The mechanosensitive cation channel (MscCa) transduces membrane stretch into cation (Na+, K+, Ca2+ and Mg2+) flux across the cell membrane, and is implicated in cell volume regulation, cell locomotion, muscle dystrophy and cardiac arrhythmias (Hamill & Martinac, 2001). However, the membrane protein(s) forming the MscCa in vertebrates remains unknown. Here we use an identification strategy based on detergent-solubilizing of frog oocyte membrane proteins followed by liposome reconstitution and evaluation by patch-clamp (Sukharev et al., 1993; Maroto et al., 2005). The oocyte was chosen because it expresses the prototypical MscCa (≥107 MscCa/oocyte) that is preserved in cytoskeleton-deficient membrane vesicles (Zhang et al., 2000).

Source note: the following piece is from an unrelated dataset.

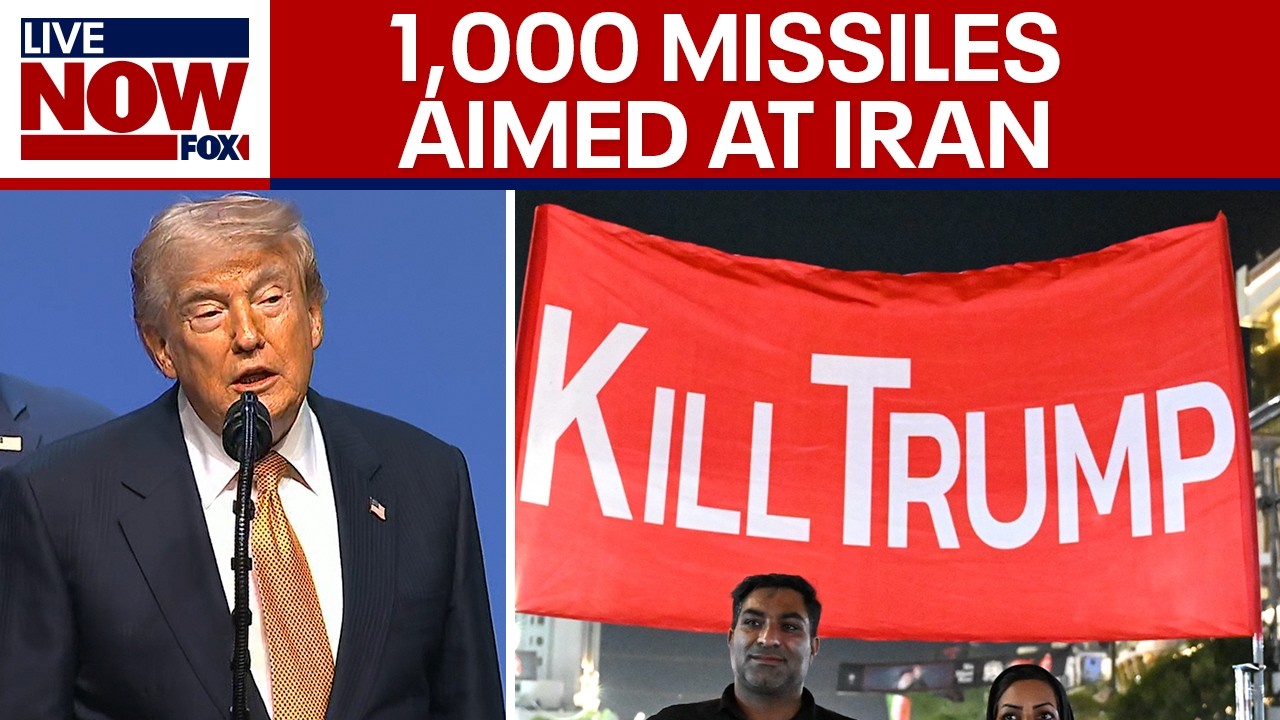 President Trump:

We identified a membrane protein fraction that reconstituted high MscCa activity and showed an abundance of an 80 kDa protein identified immunologically as the canonical transient receptor potential channel 1 (TRPC1) (Wes et al., 1995; Brereton et al., 2000). Heterologous expression of the human TRPC1 resulted in a > 1000% increase in MscCa patch density, whereas injection of a TRPC1-specific antisense RNA abolished endogenous MscCa activity. hTRPC1 transfection of CHO-K1 cells also significantly increased MscCa expression. These observations indicate that TRPC1 is a component of the vertebrate MscCa, which like various prokaryotic Ms channels (Martinac & Kloda, 2004), is gated by tension developed in the lipid bilayer.